On the downside, the unfolding of his account of development ethics proceeds at a slow pace and stretches over more than four hundred pages. For scholars used to themost technical and advanced arguments in this field, this book takes too many words to say what it wants to say, and discusses much elementary material. There is quite a bit of repetition in this book—a good thing for pedagogical purposes, but not necessarily for time-constrained specialists. Thus, the specialist will certainly find interesting insights and novel arguments, but will have to work through lots of basic material.

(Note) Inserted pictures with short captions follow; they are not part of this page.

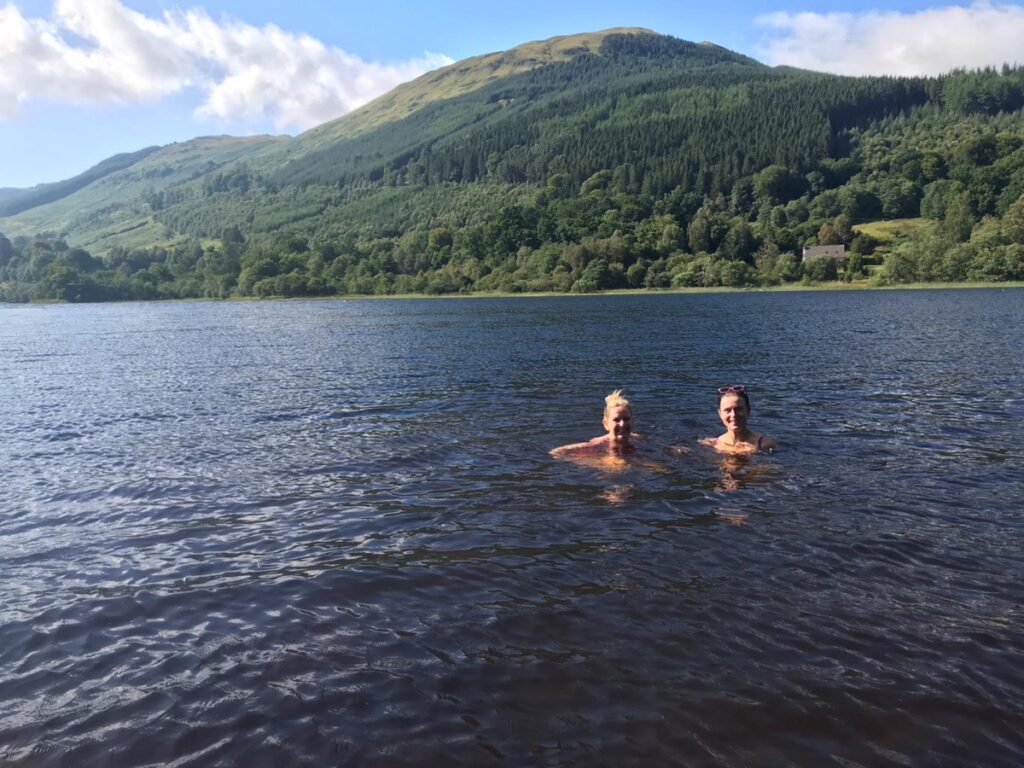 wild swimming loch voil balquhidder 2 women swimming in loch with hill in background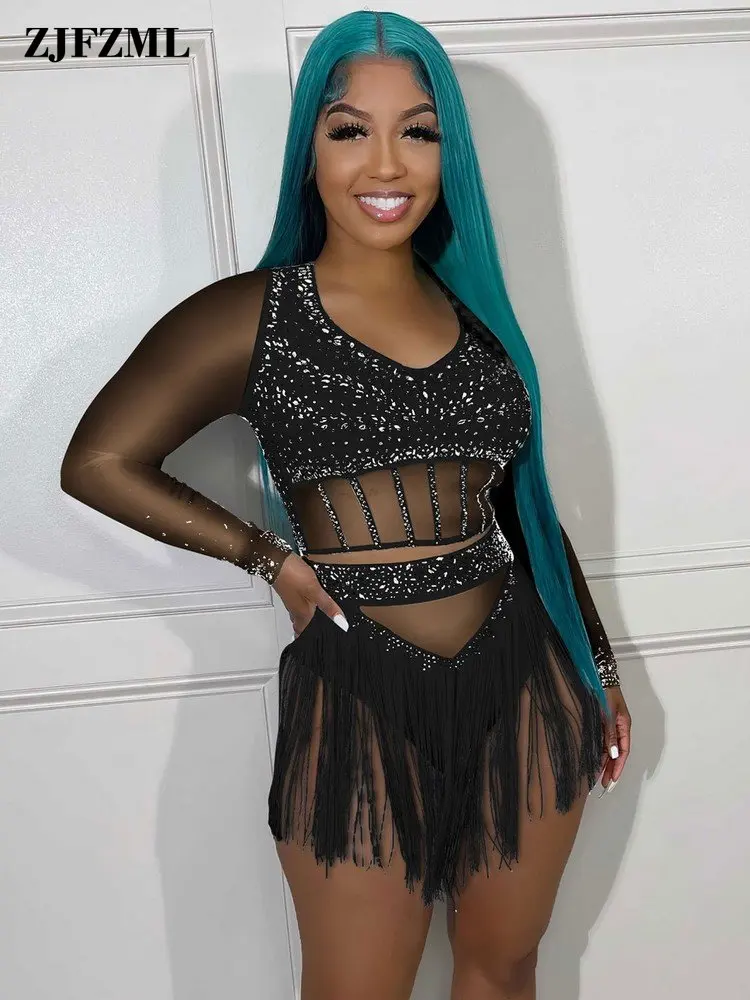 

Сетчатый женский костюм из двух предметов, сексуальные женские спортивные костюмы, Прозрачные топы с длинным рукавом и комбинированная танцевальная мини-юбка с кисточками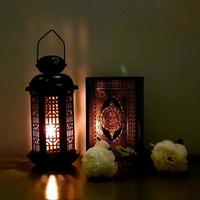 die laterne des ramadan ist schwarz, leuchtend, mit holzmotiven verziert, neben dem heiligen koran, mit ein paar weißen rosen foto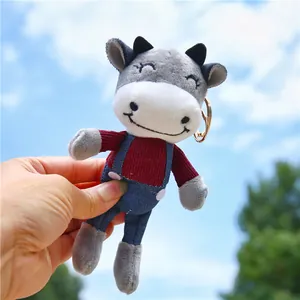 Cute plush cow keychain toy in red corduroy top and blue overalls on sunny background
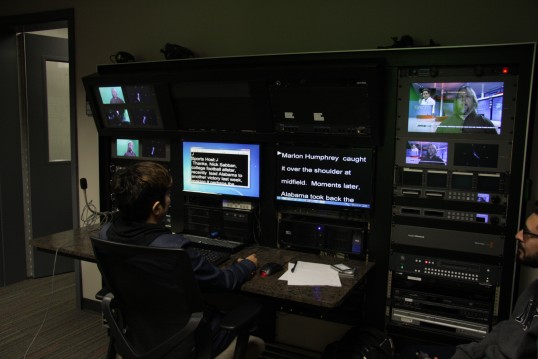 A student works the teleprompter for a Mass Communications 4 class.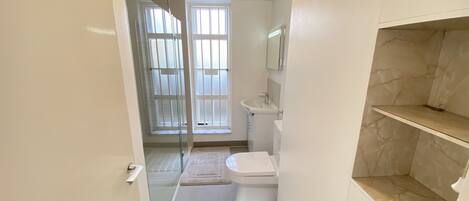 Shower, hair dryer, towels, soap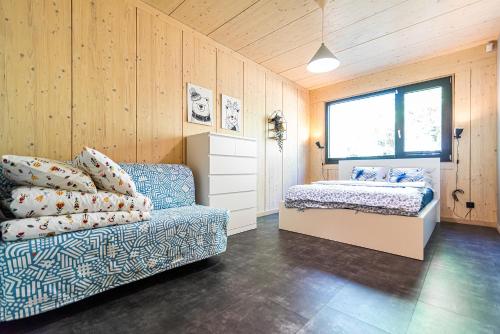 a bedroom with a couch and a bed and a window at Szklany Dom nad Łąkami in Zbiczno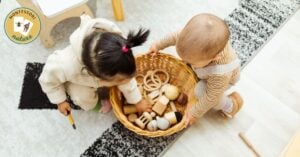 children playing with a basket full with wooden toys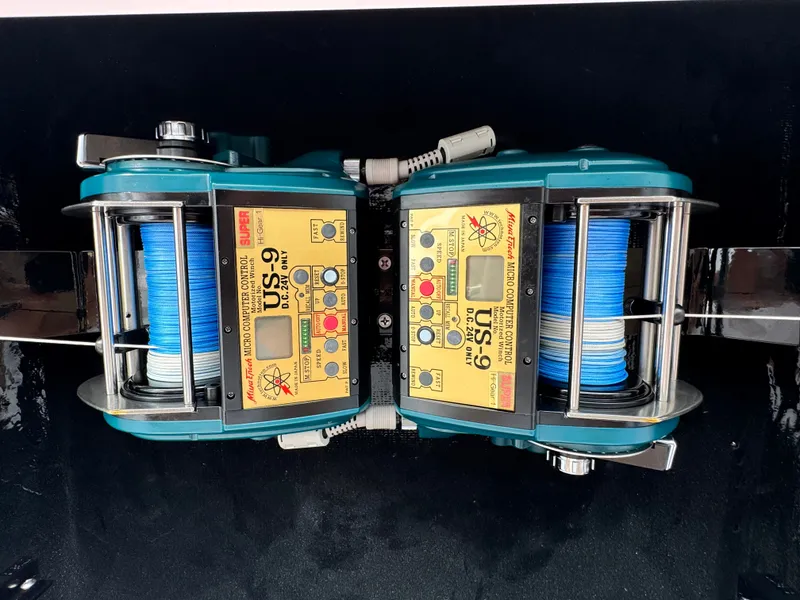 Slide: The Image of Electric fishing reels with blue line on a 2021 Albemarle 41 Express boat. - 14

This book is highly recommended to anyone who wants to know what development ethics has to offer, or who wants to engage with arguments on the role of the capability approach and ideas of deliberative democracy in development ethics. Crocker's lucid writing style and his long experience in the field make this not just an important contribution to the scholarly literature on development ethics, but also excellent for teaching purposes.

—INGRID ROBEYNS

The reviewer is Professor in Practical Philosophy at Erasmus University Rotterdam and editor (with Harry Brighouse) of Measuring Justice: Primary Goods and Capabilities (forthcoming).